What you will do:
The reply should consist of the full listing, repeated word for word.

Material for this task:
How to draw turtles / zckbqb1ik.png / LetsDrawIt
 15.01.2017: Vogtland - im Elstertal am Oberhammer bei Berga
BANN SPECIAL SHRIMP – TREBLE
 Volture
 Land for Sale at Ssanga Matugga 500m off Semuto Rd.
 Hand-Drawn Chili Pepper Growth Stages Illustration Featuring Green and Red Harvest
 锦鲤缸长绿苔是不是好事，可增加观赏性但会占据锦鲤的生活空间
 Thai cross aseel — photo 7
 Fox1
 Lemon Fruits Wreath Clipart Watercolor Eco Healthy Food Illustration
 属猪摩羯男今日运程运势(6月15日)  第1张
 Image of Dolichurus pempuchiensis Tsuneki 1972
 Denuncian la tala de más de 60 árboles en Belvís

Expected answer:
How to draw turtles / zckbqb1ik.png / LetsDrawIt
 15.01.2017: Vogtland - im Elstertal am Oberhammer bei Berga
BANN SPECIAL SHRIMP – TREBLE
 Volture
 Land for Sale at Ssanga Matugga 500m off Semuto Rd.
 Hand-Drawn Chili Pepper Growth Stages Illustration Featuring Green and Red Harvest
 锦鲤缸长绿苔是不是好事，可增加观赏性但会占据锦鲤的生活空间
 Thai cross aseel — photo 7
 Fox1
 Lemon Fruits Wreath Clipart Watercolor Eco Healthy Food Illustration
 属猪摩羯男今日运程运势(6月15日)  第1张
 Image of Dolichurus pempuchiensis Tsuneki 1972
 Denuncian la tala de más de 60 árboles en Belvís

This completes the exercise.